Pour laïciser un espace urbain encore fortement marqué par les traditions chrétiennes, lors de la Révolution Française, la Convention nationale impulse une "révolution toponymique". L'historien Serge Bianchi a étudié ce phénomène dans trois villes d'Île-de-France qui en sont des exemples locaux.
La Révolution française a été un moment essentiel dans le combat culturel visant à "régénérer", comme on disait alors, le peuple français afin de fabriquer un homme nouveau. C'est dans ce but qu'un grand nombre de municipalités décidèrent de changer le nom des rues. L'historien Serge Bianchi a étudié ce phénomène dans trois villes - Corbeil, Dourdan et Étampes - situées au sud de l'Île-de-France. Son enquête montre que les décisions les plus importantes ont été adoptées en 1793, quand les Montagnards ont pris la direction du processus révolutionnaire. Les changements concernant le nom des rues se produisirent donc au début de la vague de déchristianisation, lorsque le calendrier républicain est entré dans les mœurs.
Pour laïciser un espace urbain encore fortement marqué par les traditions chrétiennes
À Étampes, c'est pour laïciser un espace urbain encore fortement marqué par les traditions chrétiennes que Jean-Pierre Couturier - un "représentant en mission", envoyé sur place par le pouvoir central - fonda le "Club des sans-culottes". L'une de ses premières actions fut de changer le nom des rues, processus qui connut son point culminant le 30 octobre 1793 à l'occasion d'une grande fête civique. Les Sans-culottes jouèrent aussi un rôle essentiel dans la mise en œuvre de cette politique des noms à Dourdan et surtout à Corbeil. A tel point que sous l'impulsion de la société populaire locale, Corbeil fut alors rebaptisée Corbeil la Montagne.
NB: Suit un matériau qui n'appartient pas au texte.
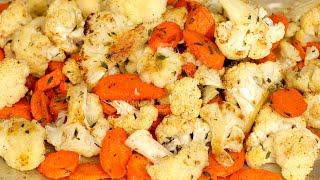 Easy & Delicious Roasted Cauliflower and Carrots Recipe | AnitaCooks.com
Ces exemples locaux montrent que la « révolution toponymique » impulsée par la Convention a eu des effets très importants puisque, dans ces trois communes, trois rues sur quatre changèrent alors de nom. Les familles furent touchées elles aussi, car beaucoup de parents donnèrent aux enfants nés au cours de cette période des prénoms révolutionnaires.
Des noms de rue remplacés par des références aux héros et aux idéaux républicains vues comme la force politique guidant la Révolution
La plupart des noms de rue qui furent supprimés rappelaient la culture et les valeurs chrétiennes que les révolutionnaires voulaient faire disparaître. Mais les autorités s'attaquèrent aussi à des noms évoquant de vieux métiers (comme les tanneurs, la boucherie, ou la foulerie), ainsi qu'à des noms jugés ridicules (comme "la rue du Trou le plus net" à Dourdan). Ces noms furent remplacés par des références aux héros et aux idéaux républicains. La Montagne, plus que les Montagnards ou les Jacobins, est citée comme la force politique guidant la Révolution, dans chacune de nos trois villes. Les nouveaux noms de rue accordèrent aussi une place essentielle aux allégories républicaines. C'est à ce moment-là qu'ont fleuri les rues de la Fraternité et de l'Egalité et, plus souvent encore, les rues de la Liberté. Les valeurs et les symboles de la "Sans-culotterie" furent également célébrés, grâce à des noms de rue se référant au Bonnet rouge ou à la Pique, l'arme par excellence de ses militants. Au total, dans ces trois communes, près de 90% des toponymes nouveaux furent empruntés au vocabulaire politique introduit par les révolutionnaires.
Les sources locales ne permettent pas de savoir comment la population a réagi face à cette rupture brutale avec des traditions chrétiennes profondément ancrées dans la culture populaire de l'époque. On constate néanmoins qu'après la chute de Robespierre, un grand nombre de rues retrouvèrent les noms qui leur avaient été donnés avant la Révolution.
Serge Bianchi
"Les changements des noms de rues sous la Révolution française. L'exemple de l'Île-de-France (Corbeil, Dourdan, Etampes)", Nouvelle revue d'onomastique, 1999, n°33-34, pp. 281-302.